Mitglieder der Institutionen müssen vor der Verbreitung von Inhalten die mögliche jugendgefährdende oder *entwicklungsbeeinträchtigende Wirkung* *ihres Angebots auf Kinder und Jugendliche* in eigener Verantwortung prüfen und ggfs. Schutzmaßnahmen ergreifen.


den wichtigen teil hab ich mal geschwärzt....wir alle wissen was die sogenannten experten von wow und den einfluss auf kinder und jugendliche halten...von daher wirds mit schutzmassnahmen gegen sowas anfangen...es wurde ja auch von zeitgrenzen gesprochen===> nach 1 std wird wow automatisch beendet und bei unter 12jährigen nach ner halben std)))
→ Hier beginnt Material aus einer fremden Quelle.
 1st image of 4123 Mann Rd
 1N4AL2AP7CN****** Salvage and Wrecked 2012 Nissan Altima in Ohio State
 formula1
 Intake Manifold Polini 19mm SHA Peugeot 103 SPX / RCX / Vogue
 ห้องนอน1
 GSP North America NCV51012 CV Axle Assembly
also auch wenn ich mich über die gesichter der kiddis freuen würde nach 1 std, seh ich das ganze sehr kritisch an...sind wir hier jetzt in China??????also ich habe eigentlich kein bock auf big brother is watching you...die haben eh schon viel zu viel kontrolle über uns da oben...so fängt die staatliche kontrolle übers i-net an...


----------



## Manaori (20. September 2011)

Ja, aber WoW wurde doch schon längst geprüft und hat eine Freigabe von FSK 12, steht auf den Packungen  Es ist illegal, die bereits festgelegte Freigabe plötzlich hochzusetzen,d a ist also kein Problem.. (war mal in ner Diskussion.. uff, lange her.)


----------



## Kamsi (20. September 2011)

wow hat ne freigabe für ab 12 aber das battel.net ab 18 jahre da könnt es noch probleme geben ^^


----------



## LeWhopper (20. September 2011)

Deathstyle schrieb:


> Eine Theorie ist also das ich mir nun ein Kartenlesegerät kaufen muss?
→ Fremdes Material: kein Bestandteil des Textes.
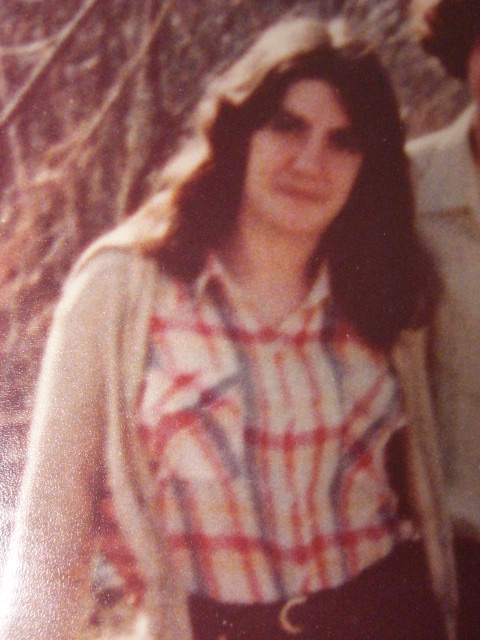 Darlene Conklin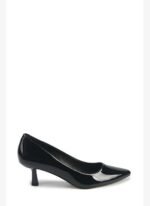 Nine West MARISOL 5PR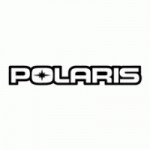 Carte grise Polaris  200 Phoenix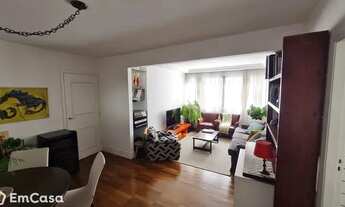 Imagem 2: Apartamento à venda em Sao Paulo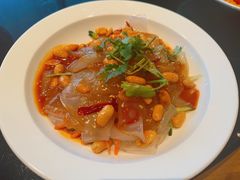 -荣小馆(椒江青悦城店)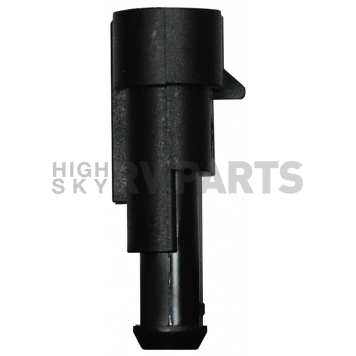 NTK Technical Ceramics Oxygen Sensor - 28813-2
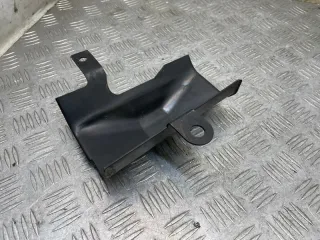 17290JD000 Пыльник Nissan Qashqai+2 Арт 2-707955, вид 9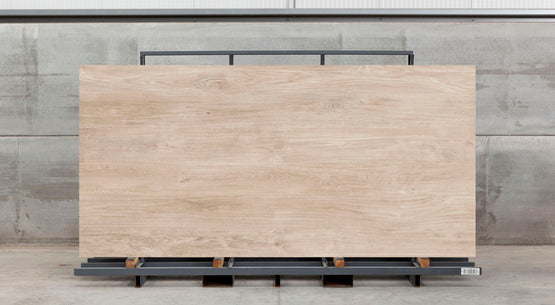 Neolith - Timber Summer Dala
Wenn ich mich ganz irre hat der neue Personalausweis doch einen Chip integiert oder? Ich habe nämlich noch den alten und bin mit dem ganz zufrieden^^
Dann würde so was mit Kartenlesegeräten sicher irgendwann vorkommen. Oder man müsste seine Ausweisnummer (falls vorhanden) eingeben.

Die Problematik bei uns Deutschen sehe ich darin das so was garantiert wieder verkompliziert wird. Da wird dann nicht mal um die Welt geguckt wo so ein System schon ordentlich funktioniert. Nein da wird wieder ein völlig bestusstes System ausgegoren was ohne ende kompliziert ist.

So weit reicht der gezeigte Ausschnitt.